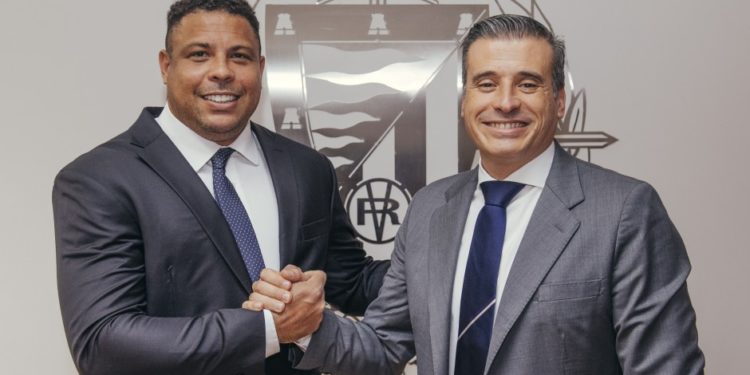 Ronaldo y Miguel Ángel Gómez en una imagen del Valladolid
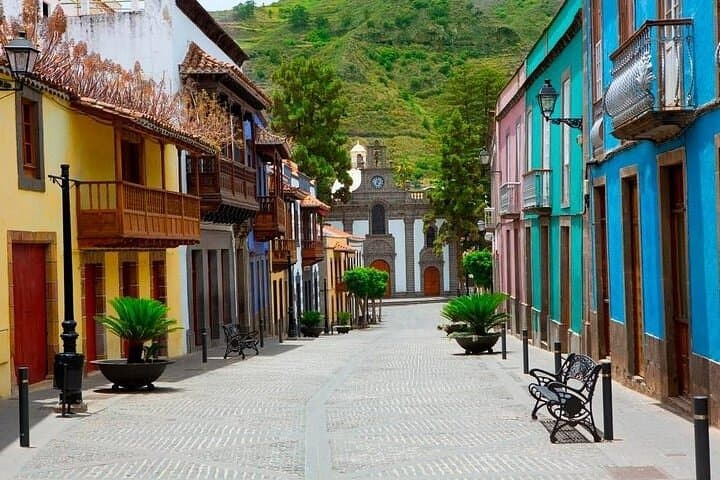 Gran Canaria Day Tour: Arucas, Teror & Aloe Vera Farm Highlights
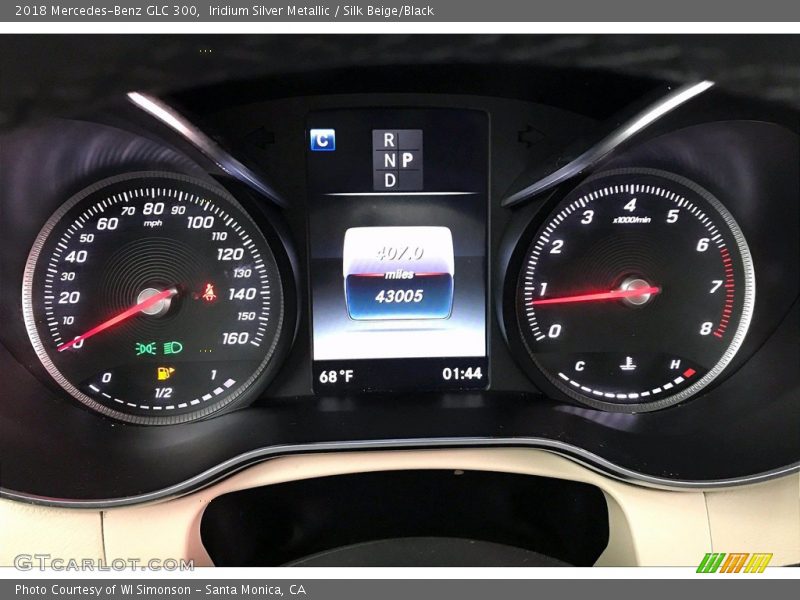 Iridium Silver Metallic / Silk Beige/Black 2018 Mercedes-Benz GLC 300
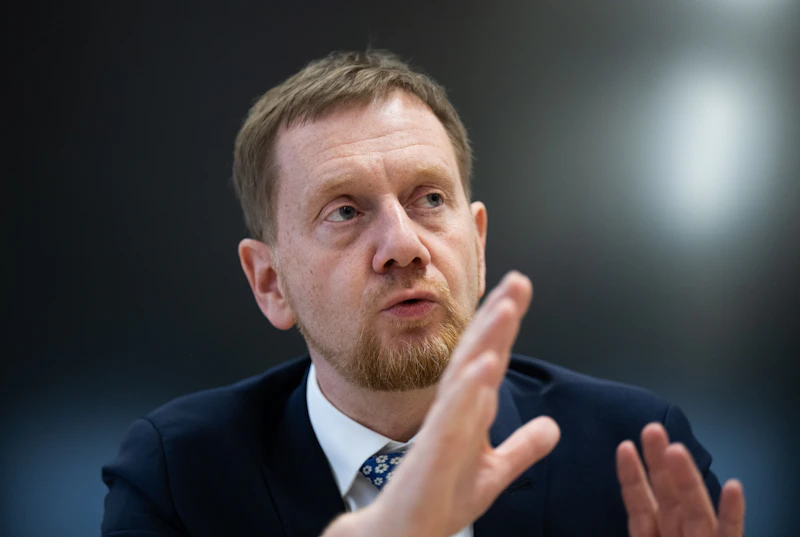 Kretschmer erhöht Reformdruck: „Industrie wird auf diesem Weg nicht überleben“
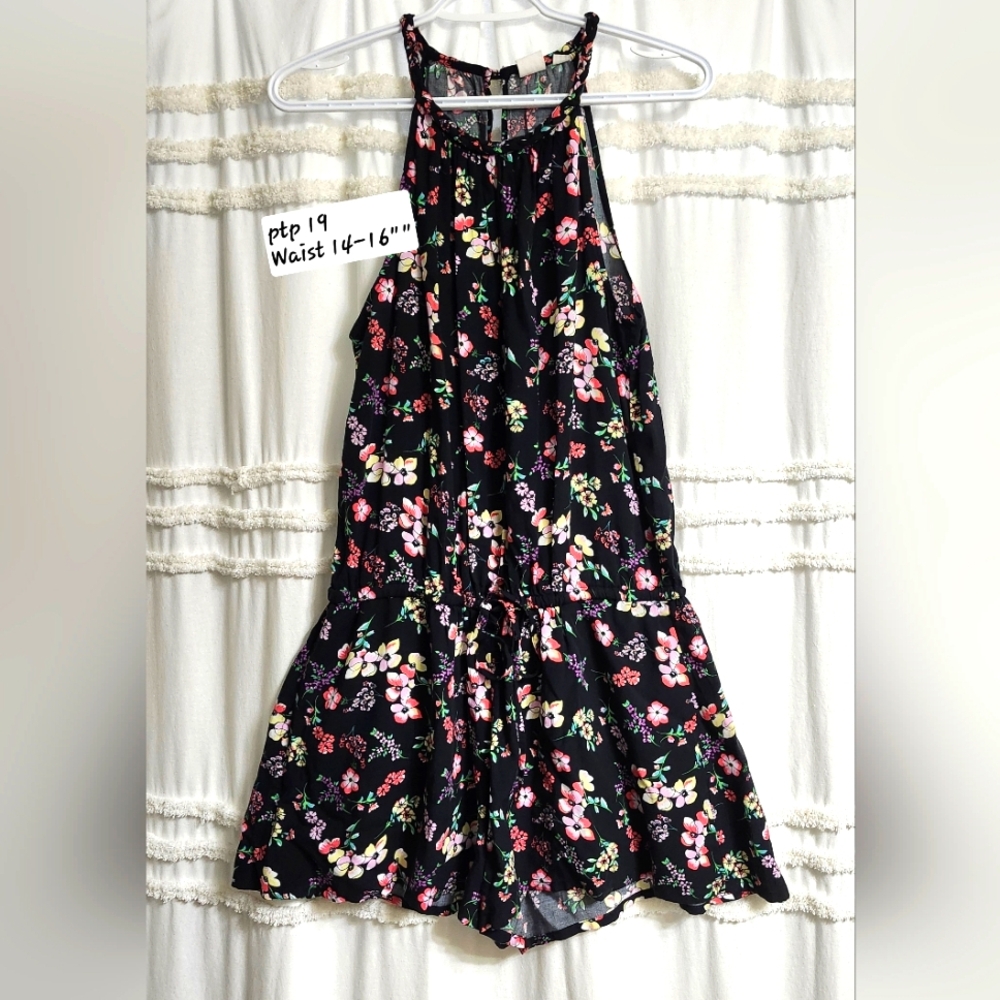 Floral Romper with pockets. Size Small/tall.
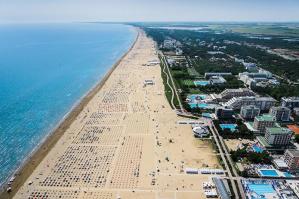 [Bibione, 70 anni di turismo: un convegno guarda al futuro della vacanza]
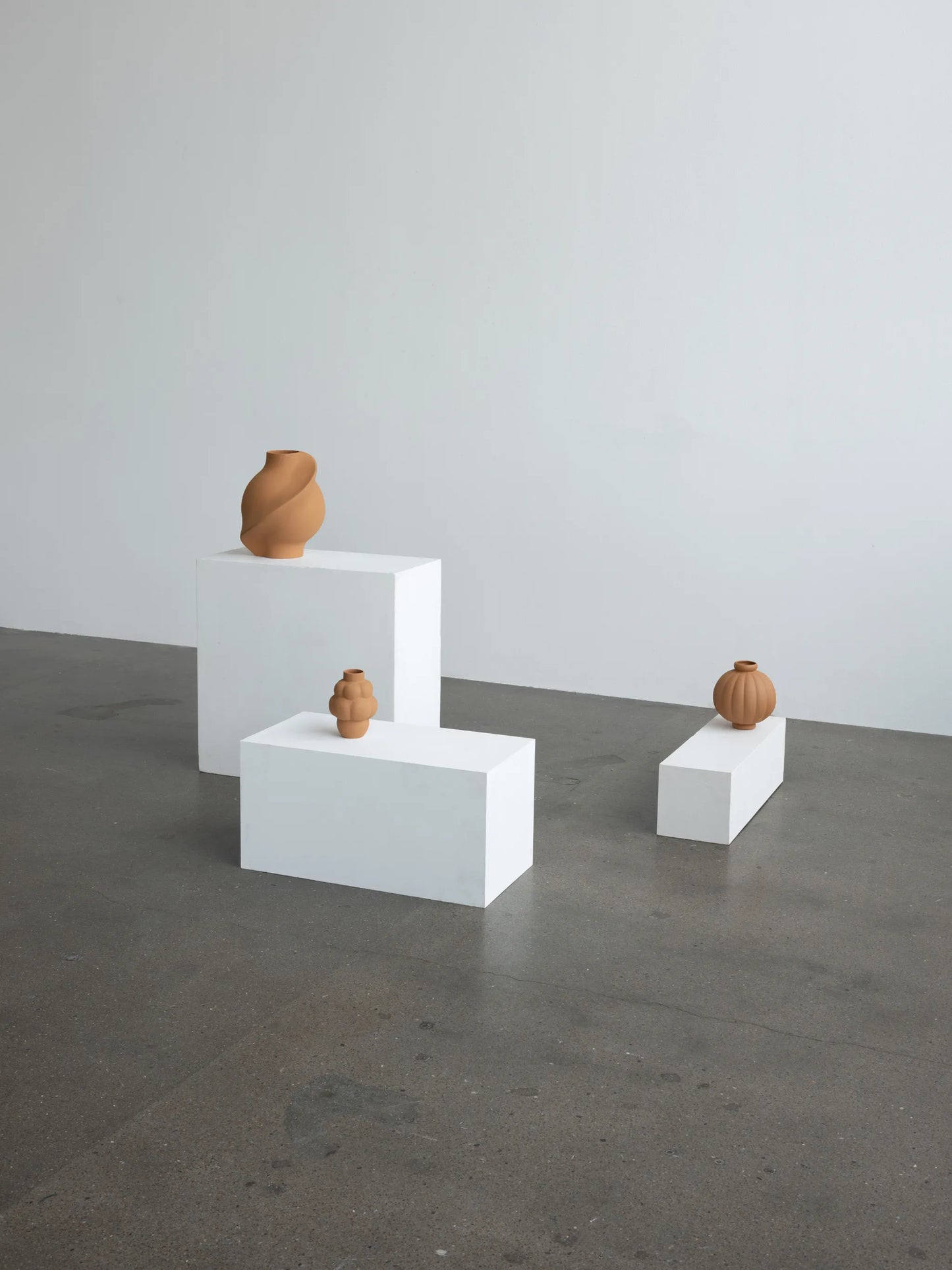 Pirout ceramic vase (22cm)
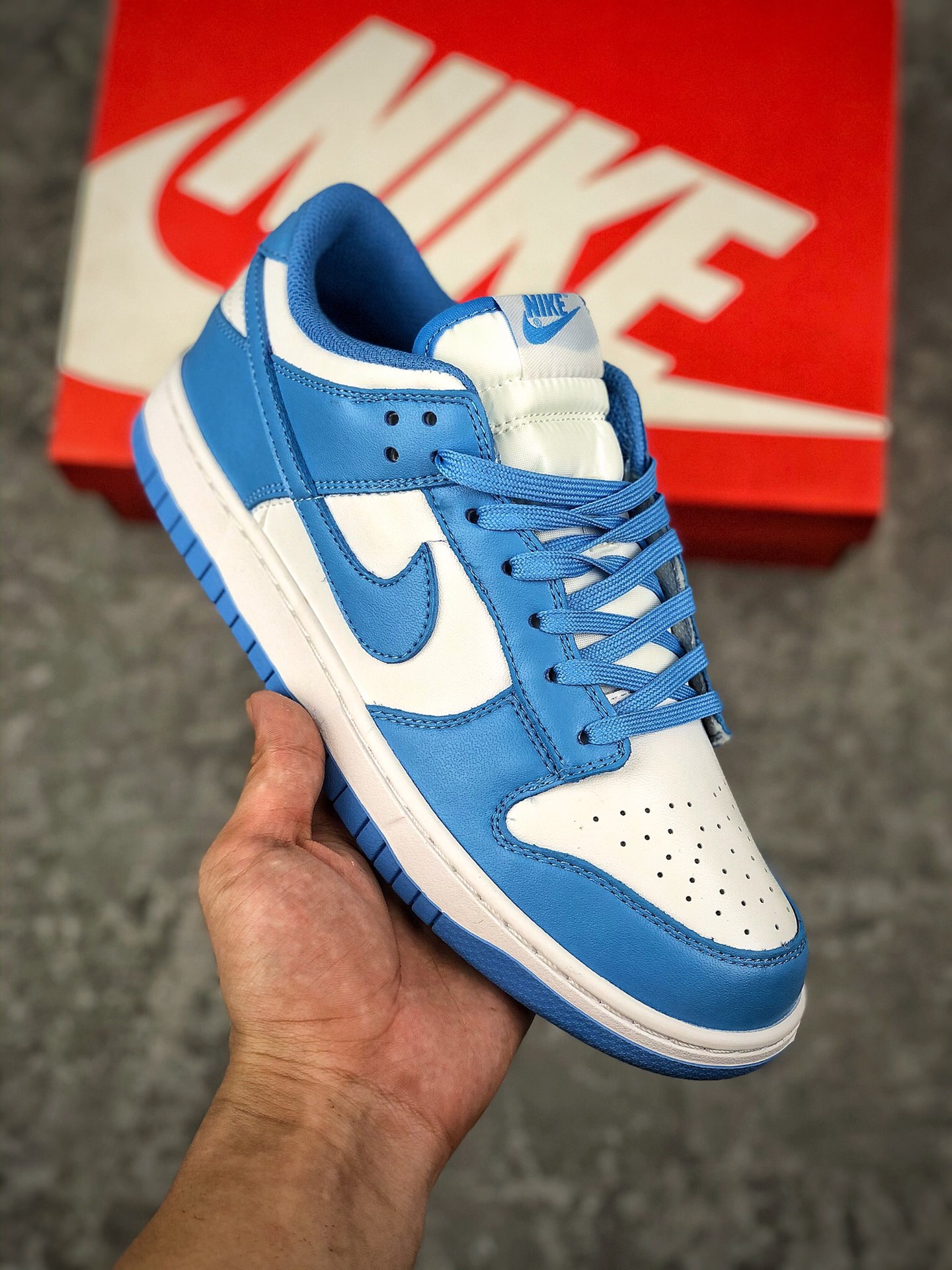  终端放货
Nk Dunk Low“University Blue” 大学蓝
整体采用白色为底，北卡蓝色覆盖整个鞋身框架与内衬和鞋底，带来浓厚的复古气息，细节方面。最后以白色中底搭配蓝色外底收尾，完善整体造型设计
货号：DD1391-102
尺码：36 36.5 37.5 38 38.5 39 40 40.5 41 42 42.5 43 44 44.5 45 46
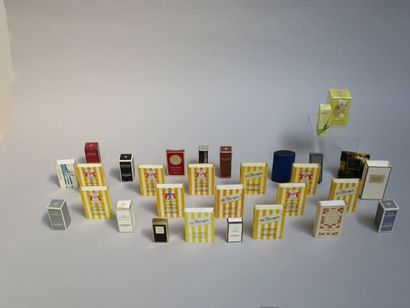 null Divers parfumeurs : lot de trente échantillons de parfums pleins avec leurs...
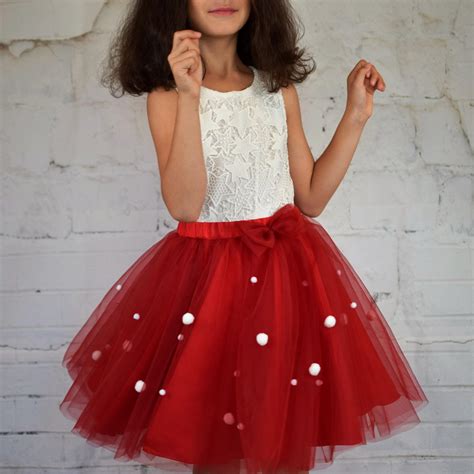 It's the perfect finishing tough for any wedding, baby shower, birthday, party event or any other celebration!! DIY Christmas Tulle Circle Skirt | AllFreeSewing.com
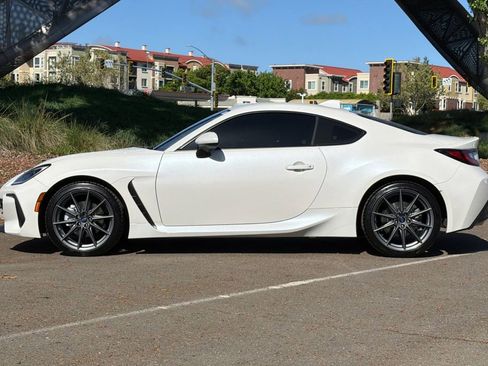 Used 2024 Subaru BRZ Limited w/ Popular Package 2 RWD image 7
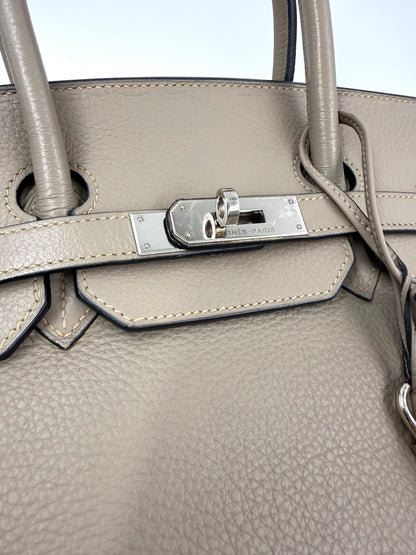 HERMÈS Birkin 35 Togo grau PHW mit silberfarbenem Verschluss in Detailansicht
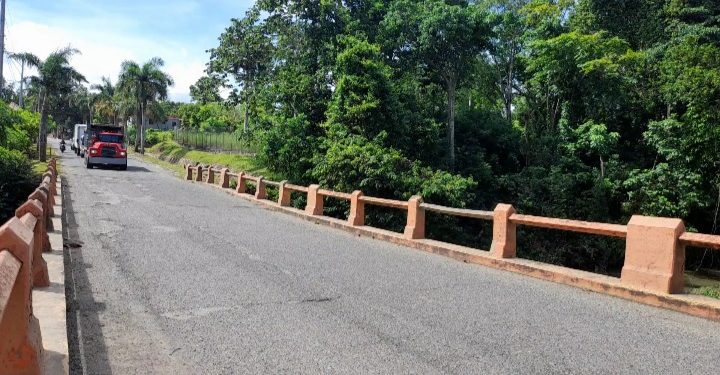 Solicitan construcción de puente que comunica a los municipios Yamasá y Peralvillo con el Gran Santo Domingo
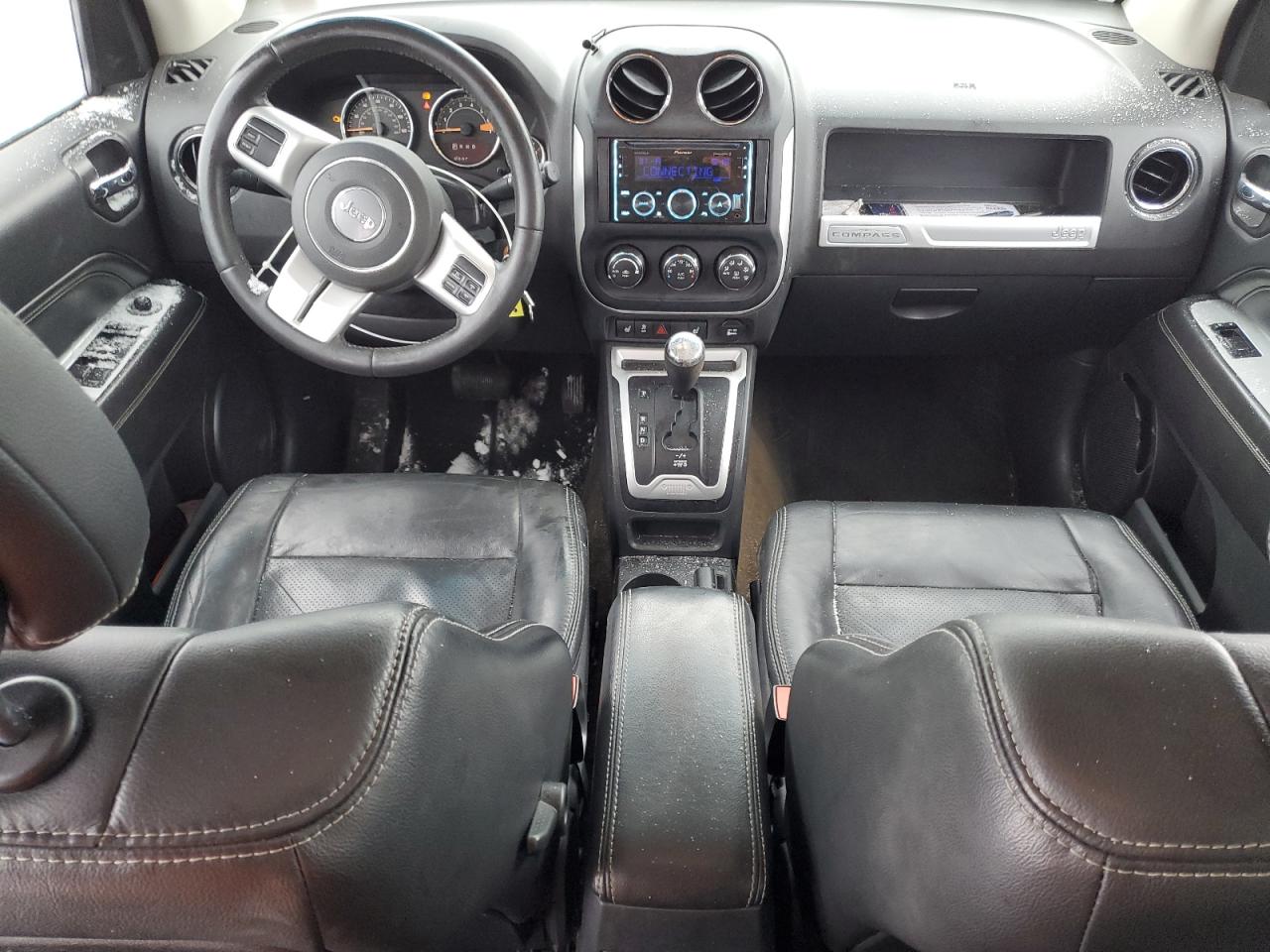 2016 Jeep Compass - Image 8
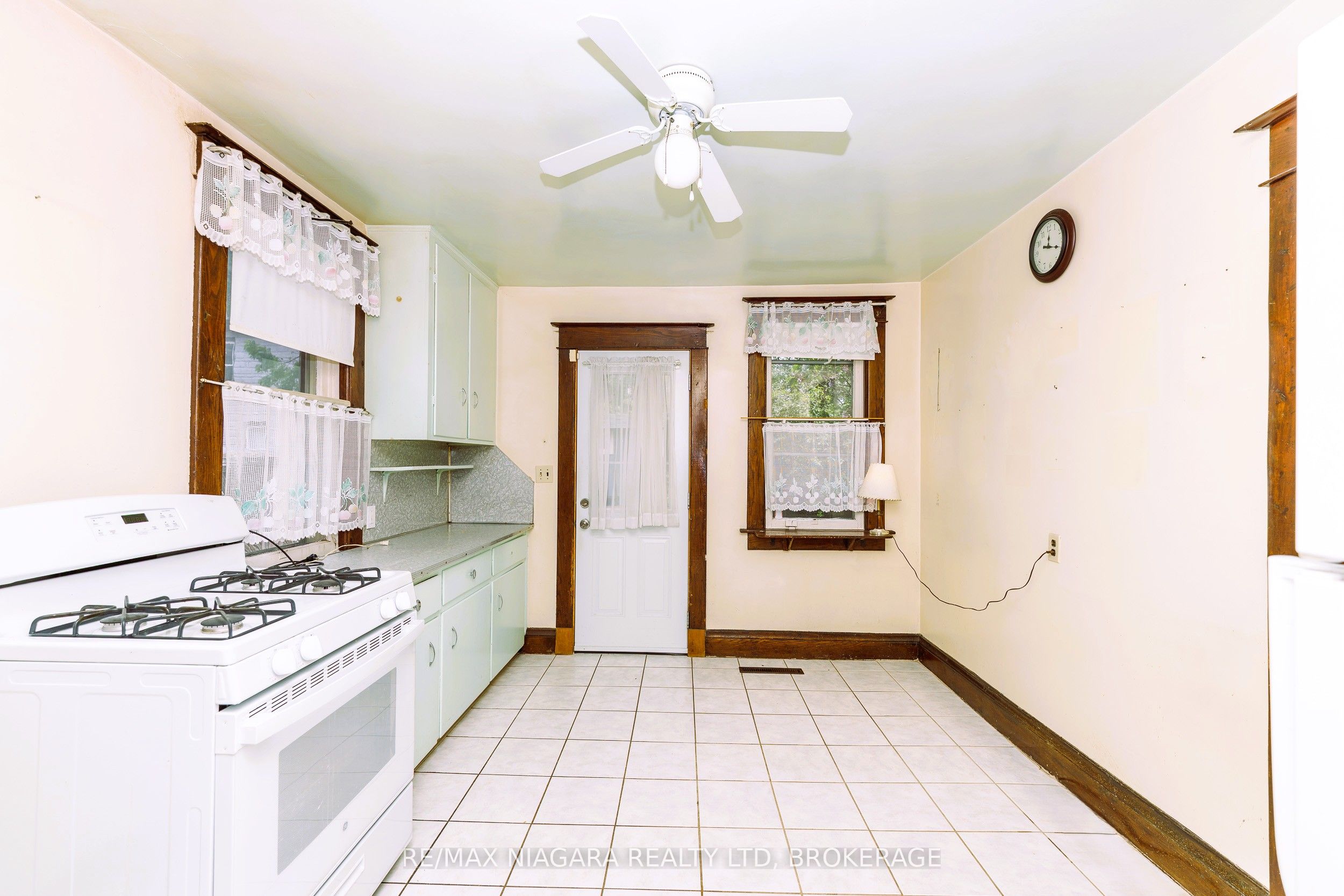 208 Hellems Avenue Property Photo 7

________________________________________

Each line from the one with "货号：DD1391-102" through the final line of the records must be copied exactly, with no pictures and no additional lines.

货号：DD1391-102
尺码：36 36.5 37.5 38 38.5 39 40 40.5 41 42 42.5 43 44 44.5 45 46
 null Divers parfumeurs : lot de trente échantillons de parfums pleins avec leurs...
 It's the perfect finishing tough for any wedding, baby shower, birthday, party event or any other celebration!! DIY Christmas Tulle Circle Skirt | AllFreeSewing.com
 Used 2024 Subaru BRZ Limited w/ Popular Package 2 RWD image 7
 HERMÈS Birkin 35 Togo grau PHW mit silberfarbenem Verschluss in Detailansicht
 Solicitan construcción de puente que comunica a los municipios Yamasá y Peralvillo con el Gran Santo Domingo
 2016 Jeep Compass - Image 8
 208 Hellems Avenue Property Photo 7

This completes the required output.